Cuts and knives

knife“This is a complex crime and you cannot arrest your way out of it,” said Amber Rudd this morning on Radio 4’s Today programme, as she talked about the rise in knife crime in young people in London.

I couldn’t agree more that arresting our way out of this is not the answer. But then what is? The rise of violent crime in London’s youth is complex, although sadly not surprising.

The impact of the policy of austerity on young people should not be under-estimated. Cuts to services have been brutal and chronic. Cuts to education maintenance allowance, to social service provision, to youth services such as career advice centres and voluntary sector project groups, to mentoring schemes, to child and adolescent mental health services…  the list is long. These cuts have accompanied the reductions in police numbers which are more highly reported, yet not necessarily more important.

The context that we are raising young people in is one where there are fewer and fewer resources to help them with their education, wellbeing, safety, and emotional understanding, and at the same time one where more and more is being expected of them. More frequent exams, negotiation of digital social landscapes, employment hunting in a world with fewer jobs and more expensive university fees… The environment we have created is one where there is not enough to go round, where there is huge pressure on the individual, and one in which the backdrop of “adult” discussion on the news is routinely of war and violence.

Subsequent discussion on radio 4 this morning mooted the usual suspects: the idea that we could blame knife crime on violent lyrics, or on social media. I’m surprised video games didn’t get a bit of a look in too. Of course it isn’t this simple, and of course we have more responsibility.

In the clinical settings I have worked in the violence I have witnessed has often been related to fear: a fear of being hurt, of not knowing what will happen next, of being out of control, of not knowing who to trust. Training on managing situations where someone is likely to be violent included making sure that they had a way out of the room: that they didn’t feel trapped.

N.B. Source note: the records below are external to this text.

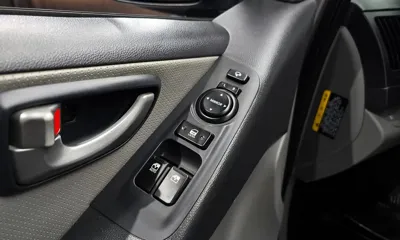 Hyundai Starex 2016, 208524 км, за 4926.43 USD - фото 17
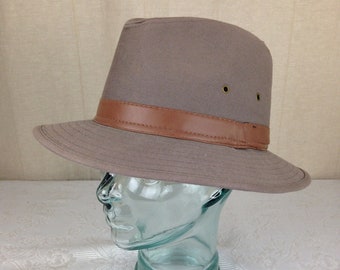 Dorfman Pacific Hat - Etsy Australia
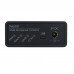 GPSDO Discipline Oscillator GNSS GPS Disciplined Clock GPS + BD Dual Mode 10MHz Output Ordinary OCXO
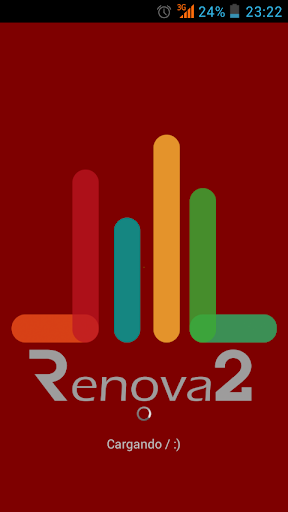 Renova2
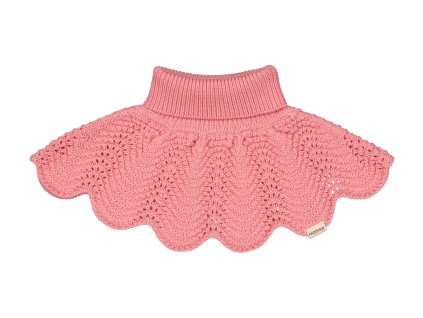 Nákrčník Alani "Raspberry" MarMar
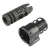 SAA VG6 Precisionタイプ CAGEデバイス＆EPSILON 556フラッシュハイダーセット BK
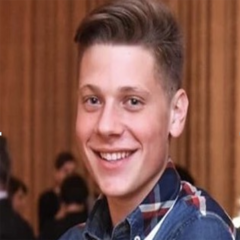 andrei_combei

What ways out are we giving young people? How are we helping them with the people and things that they are afraid of?

This problem is complex, and there is also lots more we could be doing to unpick it. The under-funding of key services mean we are raising a generation with fewer opportunities and under greater pressure. It is hard to statistically model the effects of all of the different ingredients of this cocktail, although it’s important to try, but in the absence of a clear cause of rising youth violence, I think we could be doing more to call out the common sense explanations and to do something about these. Looking at police capacity to be present is one thing, and likely important, but we can go much further than this – and look at how to increase the numbers of youth workers, youth services and youth opportunities that are available.